Feeling comfortable during your speeches. Why is that so important? Unexpected stuff happens. You get a handheld microphone instead of a lapel mic. Or no mic at all. Your clicker runs out of batteries. You start early or start late. Or your presentation time is cut by a fourth because things are running behind. Or elongated by one and a half times because another speaker didn't make it.
How do I know these things? Because all of them have actually happened to me during my speaking gigs. As I write this, during my last gig, the batteries on the microphone ran out. If that happened to you, what would you do? Wait around until the problem gets fixed?

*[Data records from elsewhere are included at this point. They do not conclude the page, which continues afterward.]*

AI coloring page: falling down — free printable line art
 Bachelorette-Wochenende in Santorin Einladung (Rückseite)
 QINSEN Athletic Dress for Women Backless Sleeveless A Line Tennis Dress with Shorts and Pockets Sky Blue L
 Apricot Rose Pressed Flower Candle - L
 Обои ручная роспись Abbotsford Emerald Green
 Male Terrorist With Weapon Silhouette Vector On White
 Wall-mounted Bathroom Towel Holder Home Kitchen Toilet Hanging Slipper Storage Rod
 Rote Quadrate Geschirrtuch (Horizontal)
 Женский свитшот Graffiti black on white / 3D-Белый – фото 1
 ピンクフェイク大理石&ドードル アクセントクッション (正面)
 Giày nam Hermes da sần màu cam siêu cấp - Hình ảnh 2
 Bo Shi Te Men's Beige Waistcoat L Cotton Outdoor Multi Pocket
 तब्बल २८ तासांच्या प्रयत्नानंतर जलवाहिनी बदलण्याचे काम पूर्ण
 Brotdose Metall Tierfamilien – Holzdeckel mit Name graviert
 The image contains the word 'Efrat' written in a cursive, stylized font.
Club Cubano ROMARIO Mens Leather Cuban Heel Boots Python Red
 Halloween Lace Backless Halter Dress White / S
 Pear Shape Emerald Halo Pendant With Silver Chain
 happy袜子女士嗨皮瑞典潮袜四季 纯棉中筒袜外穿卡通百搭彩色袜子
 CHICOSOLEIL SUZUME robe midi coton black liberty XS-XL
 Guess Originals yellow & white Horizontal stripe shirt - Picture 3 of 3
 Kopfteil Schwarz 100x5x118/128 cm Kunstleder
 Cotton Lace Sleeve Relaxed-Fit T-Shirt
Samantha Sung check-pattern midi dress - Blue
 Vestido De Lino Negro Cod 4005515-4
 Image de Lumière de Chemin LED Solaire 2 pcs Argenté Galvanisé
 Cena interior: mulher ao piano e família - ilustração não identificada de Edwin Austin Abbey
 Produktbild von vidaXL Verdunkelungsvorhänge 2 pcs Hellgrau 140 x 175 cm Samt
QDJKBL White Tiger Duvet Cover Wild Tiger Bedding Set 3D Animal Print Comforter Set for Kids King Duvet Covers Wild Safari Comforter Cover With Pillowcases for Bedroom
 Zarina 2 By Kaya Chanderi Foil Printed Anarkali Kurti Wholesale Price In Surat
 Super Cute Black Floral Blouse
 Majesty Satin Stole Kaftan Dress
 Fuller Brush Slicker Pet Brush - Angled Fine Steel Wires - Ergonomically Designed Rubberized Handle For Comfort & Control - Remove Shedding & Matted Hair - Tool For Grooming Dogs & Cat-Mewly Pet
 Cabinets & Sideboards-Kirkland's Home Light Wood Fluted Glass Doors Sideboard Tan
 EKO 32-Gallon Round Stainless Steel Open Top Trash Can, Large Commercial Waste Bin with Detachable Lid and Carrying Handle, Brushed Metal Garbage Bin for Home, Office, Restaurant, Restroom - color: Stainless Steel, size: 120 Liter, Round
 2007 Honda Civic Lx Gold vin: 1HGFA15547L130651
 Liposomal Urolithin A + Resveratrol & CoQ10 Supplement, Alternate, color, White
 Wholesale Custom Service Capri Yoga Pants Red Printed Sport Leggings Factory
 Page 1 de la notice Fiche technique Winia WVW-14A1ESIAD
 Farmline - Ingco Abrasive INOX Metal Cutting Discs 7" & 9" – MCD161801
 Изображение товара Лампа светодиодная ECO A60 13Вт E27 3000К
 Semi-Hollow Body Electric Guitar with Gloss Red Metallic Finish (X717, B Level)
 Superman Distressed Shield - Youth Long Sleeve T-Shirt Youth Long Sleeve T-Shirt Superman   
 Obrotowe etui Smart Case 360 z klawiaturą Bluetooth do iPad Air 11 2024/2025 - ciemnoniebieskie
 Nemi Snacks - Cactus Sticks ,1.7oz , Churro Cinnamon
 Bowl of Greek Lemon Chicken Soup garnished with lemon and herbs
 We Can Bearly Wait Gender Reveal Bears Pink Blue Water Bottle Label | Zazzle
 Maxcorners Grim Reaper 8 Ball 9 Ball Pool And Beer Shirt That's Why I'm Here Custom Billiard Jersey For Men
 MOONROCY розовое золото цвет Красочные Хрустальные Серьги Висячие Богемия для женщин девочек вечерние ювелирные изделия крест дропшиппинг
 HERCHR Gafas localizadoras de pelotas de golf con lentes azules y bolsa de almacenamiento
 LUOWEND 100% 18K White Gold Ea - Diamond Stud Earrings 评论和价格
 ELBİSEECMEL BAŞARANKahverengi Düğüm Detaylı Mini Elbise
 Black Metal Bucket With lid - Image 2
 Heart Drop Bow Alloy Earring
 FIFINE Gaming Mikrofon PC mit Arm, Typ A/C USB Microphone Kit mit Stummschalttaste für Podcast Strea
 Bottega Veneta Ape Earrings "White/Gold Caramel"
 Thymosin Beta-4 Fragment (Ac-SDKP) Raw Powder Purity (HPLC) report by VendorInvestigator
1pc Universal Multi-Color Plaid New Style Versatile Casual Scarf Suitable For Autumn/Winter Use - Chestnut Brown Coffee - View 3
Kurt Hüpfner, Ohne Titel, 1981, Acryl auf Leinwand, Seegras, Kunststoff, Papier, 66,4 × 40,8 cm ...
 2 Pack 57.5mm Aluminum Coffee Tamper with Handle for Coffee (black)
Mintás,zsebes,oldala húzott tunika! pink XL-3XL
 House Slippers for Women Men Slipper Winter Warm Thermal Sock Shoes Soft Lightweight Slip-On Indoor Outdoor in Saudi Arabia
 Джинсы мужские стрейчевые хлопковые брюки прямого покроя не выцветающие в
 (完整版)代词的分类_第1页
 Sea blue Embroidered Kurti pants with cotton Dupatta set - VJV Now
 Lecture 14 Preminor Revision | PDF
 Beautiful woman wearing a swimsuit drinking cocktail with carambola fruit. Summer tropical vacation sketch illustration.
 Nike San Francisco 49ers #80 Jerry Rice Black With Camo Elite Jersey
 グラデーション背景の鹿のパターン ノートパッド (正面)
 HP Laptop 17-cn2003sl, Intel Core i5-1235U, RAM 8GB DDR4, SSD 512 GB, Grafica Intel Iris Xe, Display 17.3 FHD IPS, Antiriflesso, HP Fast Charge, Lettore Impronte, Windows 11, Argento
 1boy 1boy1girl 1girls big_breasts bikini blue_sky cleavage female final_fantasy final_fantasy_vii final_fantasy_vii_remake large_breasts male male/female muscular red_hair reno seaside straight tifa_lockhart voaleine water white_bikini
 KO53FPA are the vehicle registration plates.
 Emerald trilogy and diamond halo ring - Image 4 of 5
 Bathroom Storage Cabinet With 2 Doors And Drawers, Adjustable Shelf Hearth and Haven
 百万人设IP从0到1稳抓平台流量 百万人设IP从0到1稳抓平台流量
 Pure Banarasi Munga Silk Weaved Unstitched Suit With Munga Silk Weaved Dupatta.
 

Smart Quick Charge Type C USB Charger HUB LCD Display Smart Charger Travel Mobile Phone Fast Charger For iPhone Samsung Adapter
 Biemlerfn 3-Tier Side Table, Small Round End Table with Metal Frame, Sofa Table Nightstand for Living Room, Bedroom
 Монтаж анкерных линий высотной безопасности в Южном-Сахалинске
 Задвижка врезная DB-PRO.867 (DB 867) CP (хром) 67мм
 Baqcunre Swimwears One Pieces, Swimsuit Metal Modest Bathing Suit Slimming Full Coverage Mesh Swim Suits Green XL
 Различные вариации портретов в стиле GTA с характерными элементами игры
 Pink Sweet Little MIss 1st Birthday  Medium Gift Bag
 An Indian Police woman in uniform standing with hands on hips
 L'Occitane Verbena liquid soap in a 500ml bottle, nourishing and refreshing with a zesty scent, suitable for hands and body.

Here’s a simple solution: Have a backup plan for situations like this where you can get the crowd involved. Have everyone stand up and take a stretch. Or in this case, I asked the person with the loudest voice if he or she could come up and speak on my behalf. In this situation with the dead mic, it actually turned into a pretty funny situation. We acted it out as a sort of performance: I spoke in her ear and she tried to actually do the hand gestures I was describing — a brief game of charades. Three minutes later we were back to normal and back to the presentation.
As a public speaker, not only are you expected to deal with the unexpected during your presentation, but you are often required to travel. Travel can be stressful but there are simple ways to mitigate potential issues.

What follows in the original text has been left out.